Gopinath ve ark. (104) yaptığı uzun dönem bir çalışmada yaş düzeltildikten sonra, 75 yaş üzeri yetişkinlerdeki en yüksek tertilde (üçte birlik dilim) fiziksel aktivite yapanlar en düşük tertille kıyaslandığında, 15 yılın üzerinde ileri evre YBMD sıklığı %79 daha düşük bulunmuştur (OR=0.21; % 95 CI:0.05–0.95). Ancak cinsiyet, BKİ, sigara içme, balık tüketimi, beyaz hücre sayısı, düzeltildikten sonra, bu ilişki istatistiksel olarak anlamlı bulunamamıştır (OR=0.26; % 95 CI:0.06-1.28).

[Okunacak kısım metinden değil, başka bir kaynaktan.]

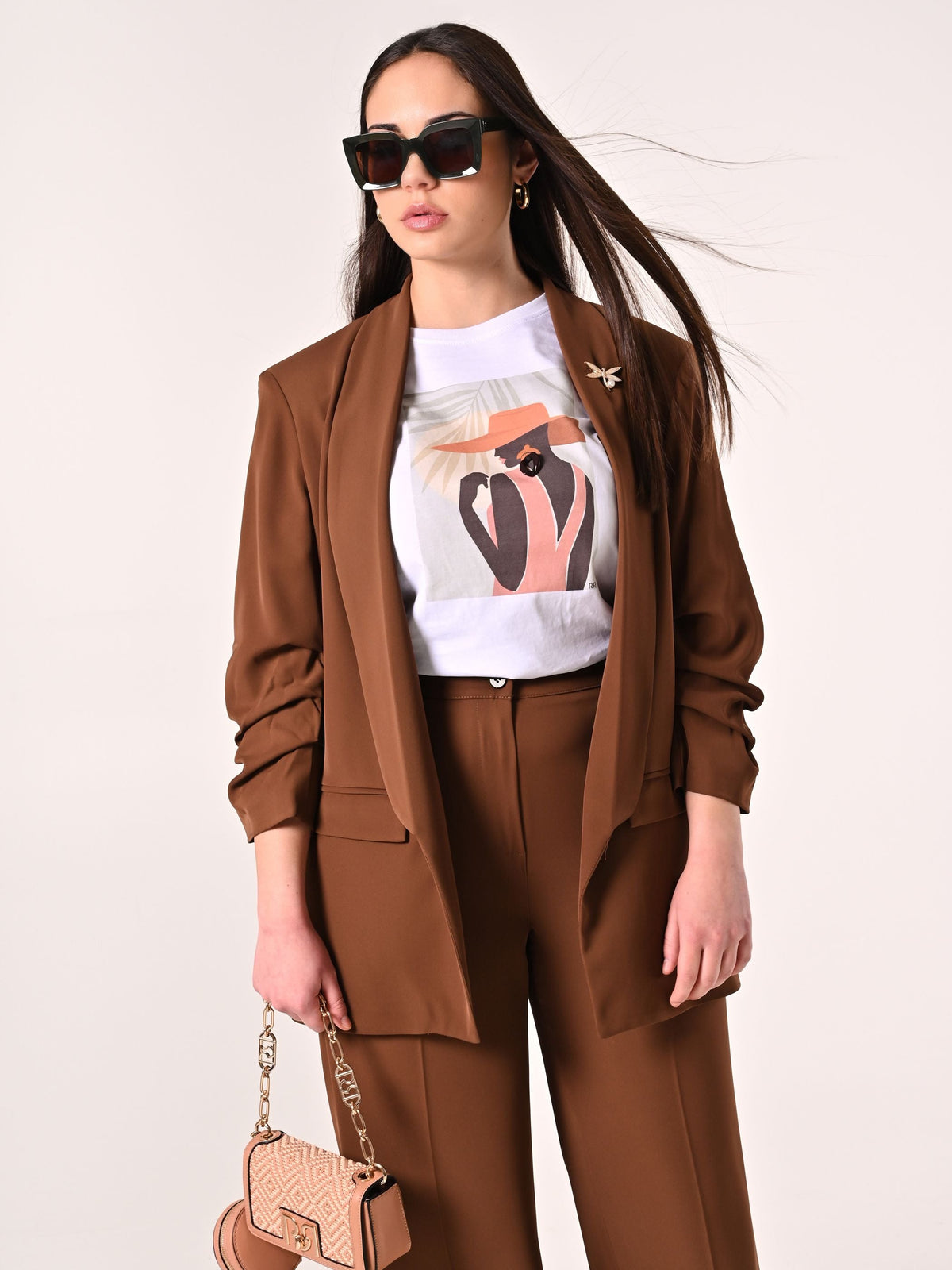 Giacca Aperta Curvy Marrone Cioccolato
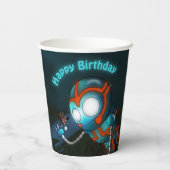 Robot und Butterfly zum Geburtstag Pappbecher (Rückseite)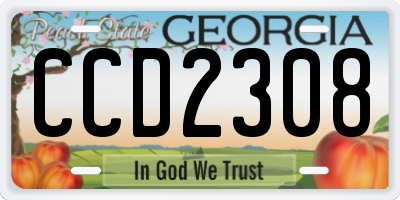 GA license plate CCD2308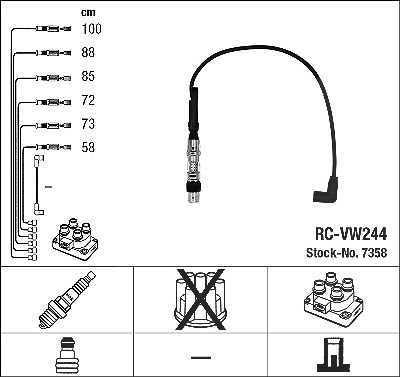 Ngk Zündleitungssatz [Hersteller-Nr. 7358] für VW, Seat von NGK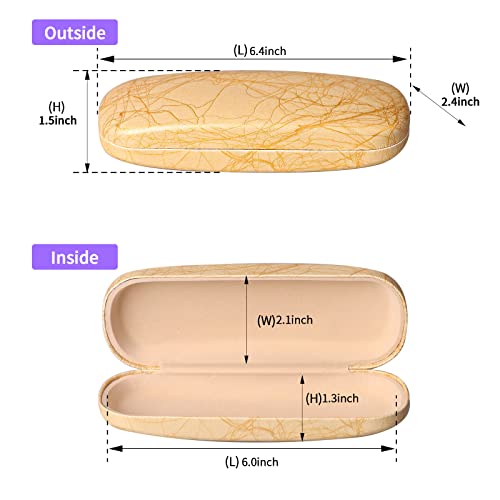 ZONLY Eyeglasses Case,(4 Piece) Unisex Hard Shell Eyeglasses Cases Protective Case For Glasse - color: Grain Pattern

Amerika’da 40-85 yaş arası yetişkinlerde yapılan bir çalışmada ise ileri evre YBMD'si olan katılımcıların %93.2'si en az istenilen (yeterince aktif olmayan ve negatif zayıf yoğunlukta sedanter yaşam davranışı olan) grupta bulunmuş. Düzeltmelerden sonra (yaşları dahil), ileri evre YBMD’li bireyler YBMD’si olmayanlarla kıyaslandığında % 50’sinin daha az orta-şiddetli fiziksel aktiviteyle (MVPA) ilişkisi olduğu bulunmuştur (RR=0.50; % 95 CI:0.28-0.90). Diğer değişkenler ile birlikte modele görme keskinliği girildiğinde. ileri evre YBMD ve MVPA arasındaki ilişki artık anlamlı bulunmamış (RR=0.54; % 95 CI:0.29-1.01), bu

da görme keskinliğinin bu ilişkiye kısmen aracılık edebileceğini düşündürmüştür (105).

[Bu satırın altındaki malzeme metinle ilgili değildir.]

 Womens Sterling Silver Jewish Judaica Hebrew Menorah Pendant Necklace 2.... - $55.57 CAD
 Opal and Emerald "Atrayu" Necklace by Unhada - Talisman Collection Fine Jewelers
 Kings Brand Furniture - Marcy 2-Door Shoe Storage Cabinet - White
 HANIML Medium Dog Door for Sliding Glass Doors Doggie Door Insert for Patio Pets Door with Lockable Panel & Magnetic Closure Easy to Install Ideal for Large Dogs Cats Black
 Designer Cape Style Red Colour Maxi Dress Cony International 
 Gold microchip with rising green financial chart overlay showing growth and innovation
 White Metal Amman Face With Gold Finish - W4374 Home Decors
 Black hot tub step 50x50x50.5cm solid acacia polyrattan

Yaşları 30-97 arasında bireylerde yapılan, 9 çalışmayı içeren bir meta-analizde fiziksel aktivitenin düşük bir OR olsa da erken evre (8 çalışma, n=38112, OR=0.92; % 95 CI:0.86-0.98) ve ileri evre YBMD (7 çalışma, n= 28854, OR=0.59, % 95 CI:0.49- 0.72) için koruyucu olduğu belirtilmiştir (106).